● **PROBLEM DESCRIPTION**: Whenever a picture appears in the listing below, leave it out, and copy exactly the lines from the one containing "New 2026 Acura MDX A-Spec" through the end.

[EXTRACTED MATERIAL Boundary: Start]

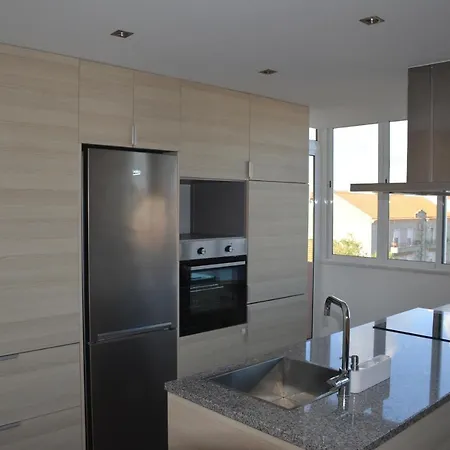 M&h Loft - T2 Em Apartment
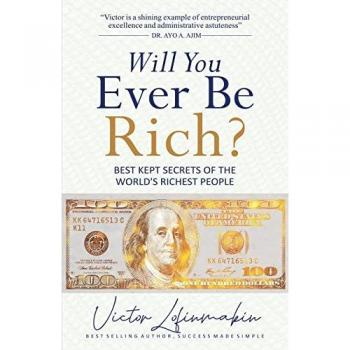 Lofinmakin, Victor: Will You Ever be Rich?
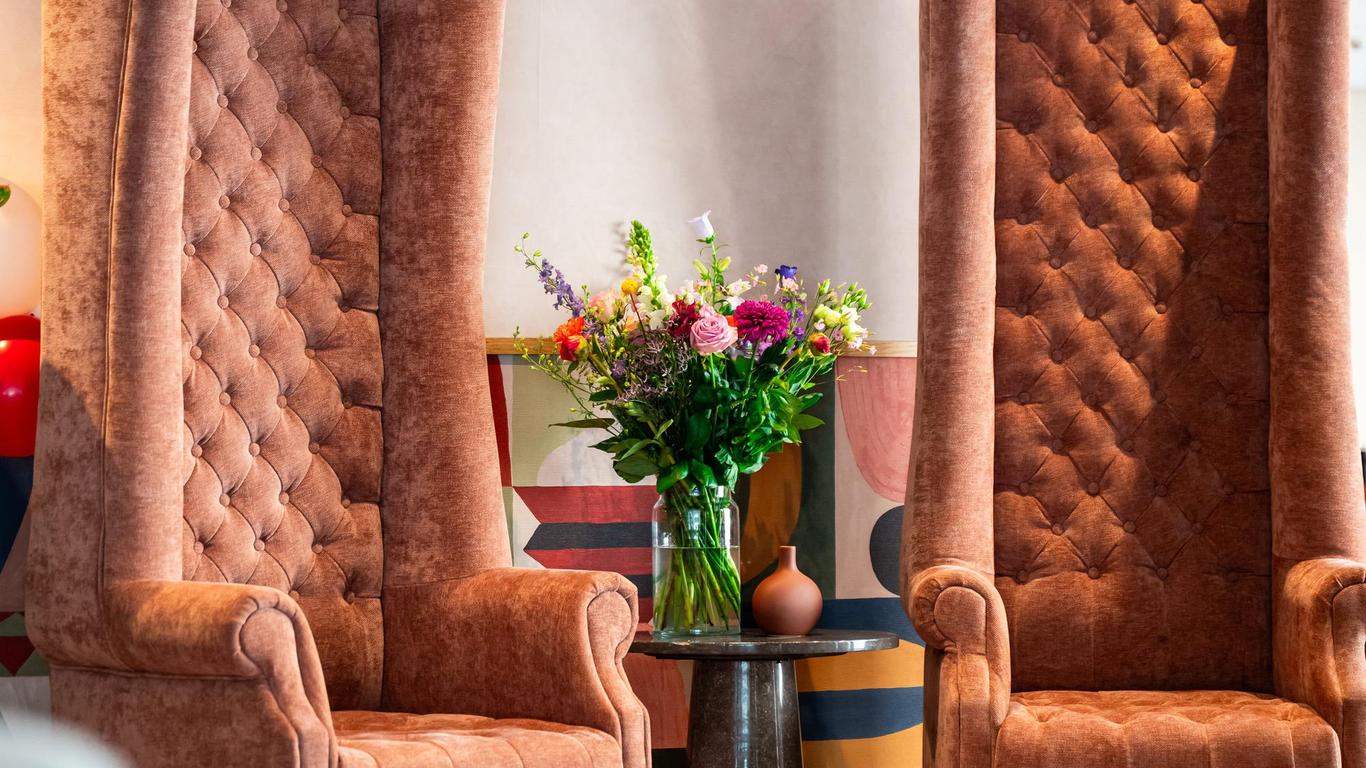 Leonardo Hotel Hengelo City Center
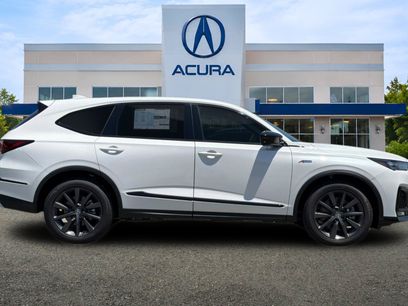 New 2026 Acura MDX A-Spec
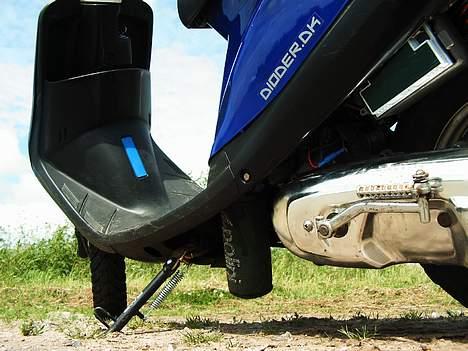 Yamaha Jog MHR #SOLGT billede 6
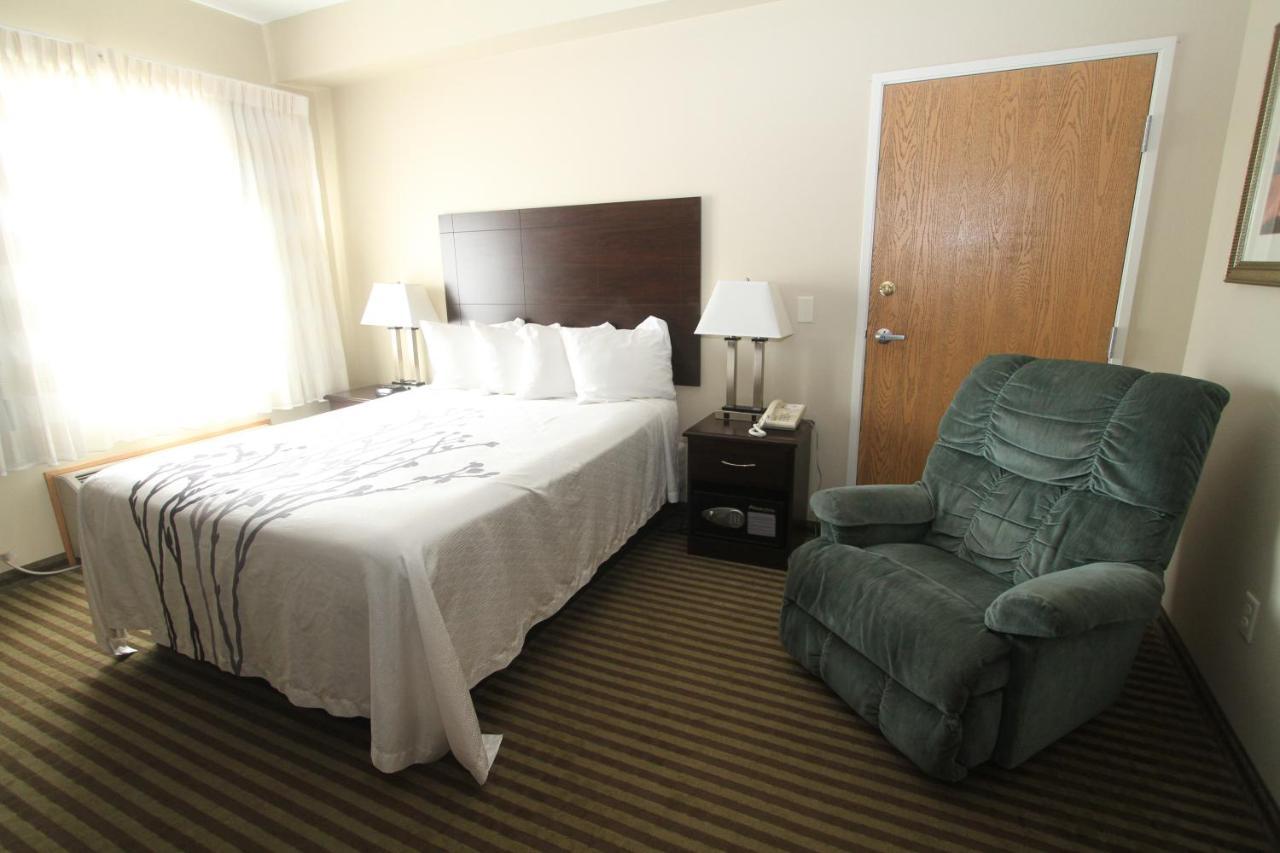 Bowman Inn&Suites Eksteriør bilde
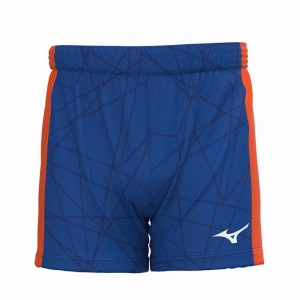 Short Mizuno Nevobo Match Homme Bleu | France M4658LU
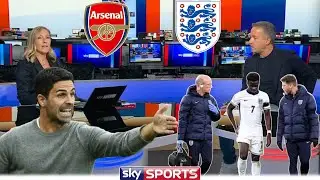 &ldquo;I think this is Arsenal&rsquo;s year&rdquo;, says Theo Walcott! Bukayo Saka confirmed ARSENAL NEWS TODAY!!
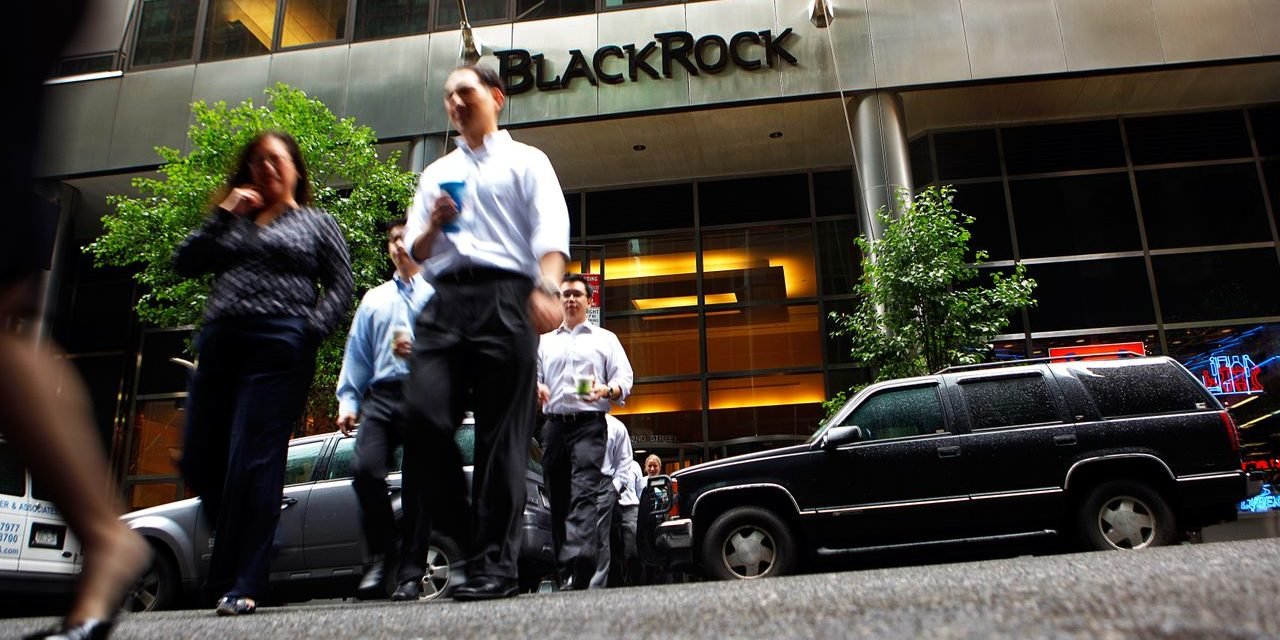 Alister Hibbert: Der Blackrock-Angestellte, der dreimal so viel verdient wie CEO Larry Fink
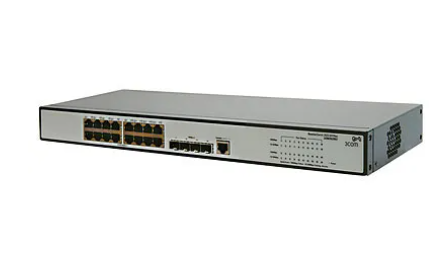 سويتش شبكات اتش بي HP JE005A (استيراد أصلي)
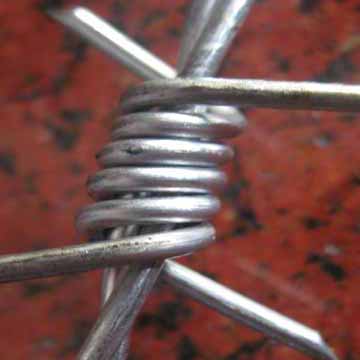 barbed iron wire/razor wire series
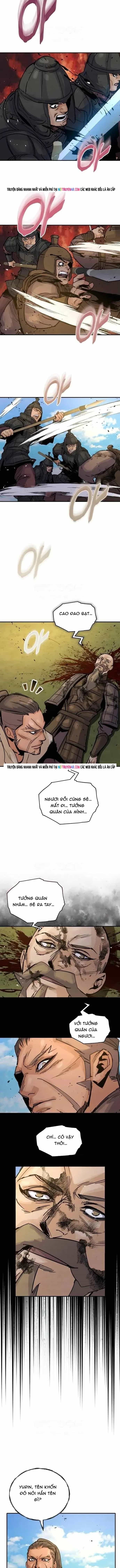 Biên Niên Sử Cao Câu Ly - Chương 58 - ảnh 10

[EXTRACTED MATERIAL Boundary: End]

● **ANSWER SECTION**:
 New 2026 Acura MDX A-Spec
 Yamaha Jog MHR #SOLGT billede 6
 Bowman Inn&Suites Eksteriør bilde
 Short Mizuno Nevobo Match Homme Bleu | France M4658LU
 &ldquo;I think this is Arsenal&rsquo;s year&rdquo;, says Theo Walcott! Bukayo Saka confirmed ARSENAL NEWS TODAY!!
 Alister Hibbert: Der Blackrock-Angestellte, der dreimal so viel verdient wie CEO Larry Fink
 سويتش شبكات اتش بي HP JE005A (استيراد أصلي)
 barbed iron wire/razor wire series
 Biên Niên Sử Cao Câu Ly - Chương 58 - ảnh 10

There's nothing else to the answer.